Respondent's argument largely rehashed similar claims he made about BPS being a financial information service. We will not address these arguments again at length with respect to 3000 Xtra. In short, the facts show that Reuters derived gross receipts from the disposition of some 3000 Xtra software, specifically, software associated with analytical and graphing functions. Not only do Reuters customer agreements identify software as one of the items that customers paid for, but it was even possible for customers to lease some 3000 Xtra software without a Reuters information feed.

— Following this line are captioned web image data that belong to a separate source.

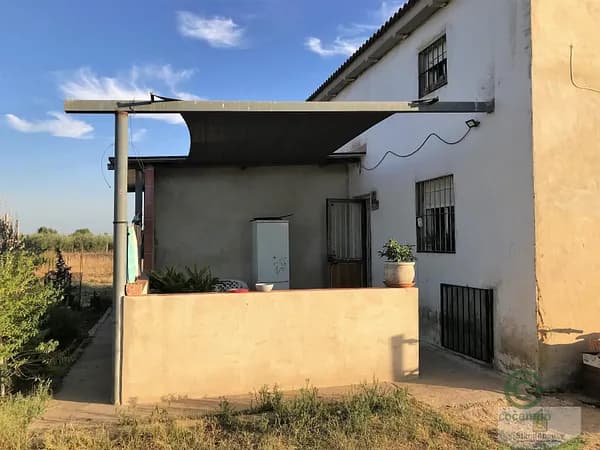 Finca agrícola de 0,47 ha en venta en Rociana del condado, Huelva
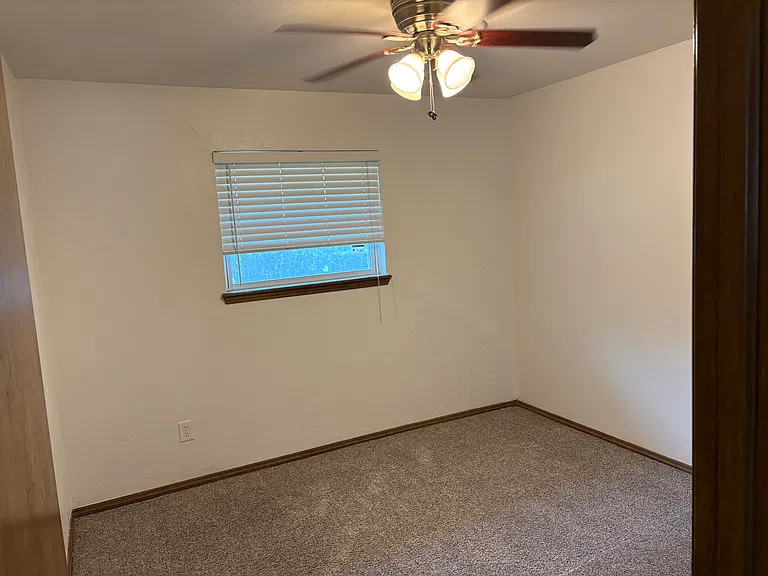 1904 Lanesboro Dr — Photo 14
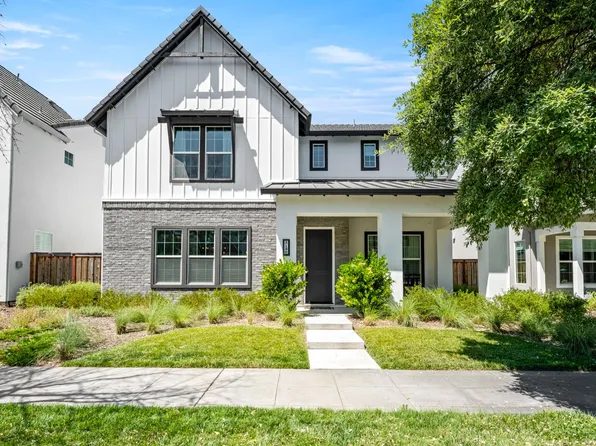 3180 Crocker Dr, Sacramento, CA 95818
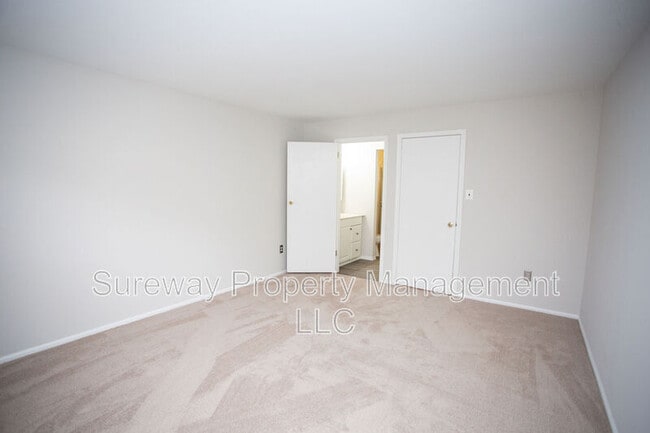 Building Photo - 159A Birchfield Ct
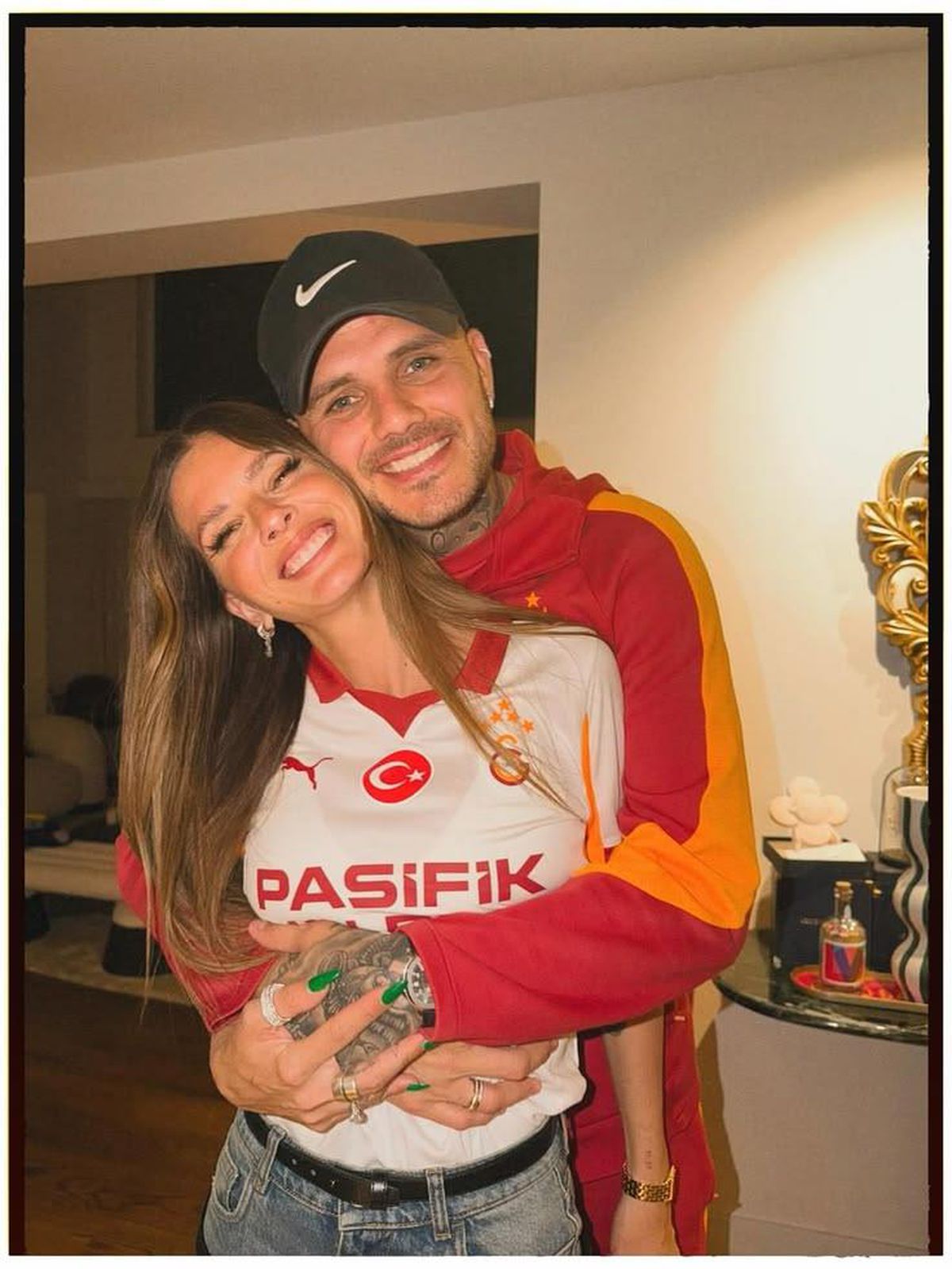 MAURO ICARDI VE CHİNA SUAREZ AYRILDILAR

We rule that Reuters derived gross receipts from the disposition of both 3000 Xtra and RMDS analytical and graphing software.

2. 3000 Xtra and RMDS Analytical and Graphing Software Was Provided by Disk or Download.

The third-party comparable exception requires that the third-party provide software "to its customers pursuant to an activity described in paragraph (i)(6)(iii)(A)(3) of this section." Treas. Reg. § 1.199-3(i)(6)(iii)(B). Treasury Regulation § 1.199-3(i)(6)(iii)(A)(3) provides that software be provided to "customers either affixed to a tangible medium (for example, a disk or DVD) or by allowing them to download the computer software from the Internet."

Respondent does not dispute that RMDS software meets this requirement. However, respondent argued that only 3000 Xtra desktop software was provided to customers by disk or download, and that 3000 Xtra relied on Reuters's data center software to function. Echoing arguments that he made with respect to BPS, respondent further argued that 3000 Xtra was "dependent" on an information feed to function. Bloomberg argued that RMDS could substitute for the portions of 3000 Xtra software found in data centers and that "nothing in the Regulations requires that the third-party derive gross receipts from software independent of . . . related services."

We agree with Bloomberg. For reasons discussed infra OPINION Part VII.C.3.a, we rule that Bloomberg may compare BPS software to a combination of RMDS and 3000 Xtra analytical and graphing software that was provided by disk or download. Furthermore, as we have previously ruled with respect to BPS, nothing in Treasury Regulation § 1.199-3(i)(6)(iii) provides that software cannot operate in conjunction with other services. See supra OPINION Part VII.B.1.c. Treasury Regulation § 1.199-3(i)(6)(iii)(B) requires only that one derive gross receipts from the disposition of software.

3. Reuters's Analytical and Graphing Software Was Substantially Identical to BPS Analytical and Graphing Software.

The third-party comparable exception requires that third-party software be "substantially identical software (as described in paragraph (i)(6)(iv)(A) of this section) (as compared to the taxpayer's online software)." Treasury Regulation § 1.199-3(i)(6)(iv)(A) reads, in part:

Substantially identical software. For purposes of paragraph (i)(6)(iii)(B) of this section, substantially identical software is computer software that

From a customer's perspective, has the same functional result as the online software described in paragraph (i)(6)(iii) of this section; and (2) Has a significant overlap of features or purpose with the online software described in paragraph (i)(6)(iii) of this section.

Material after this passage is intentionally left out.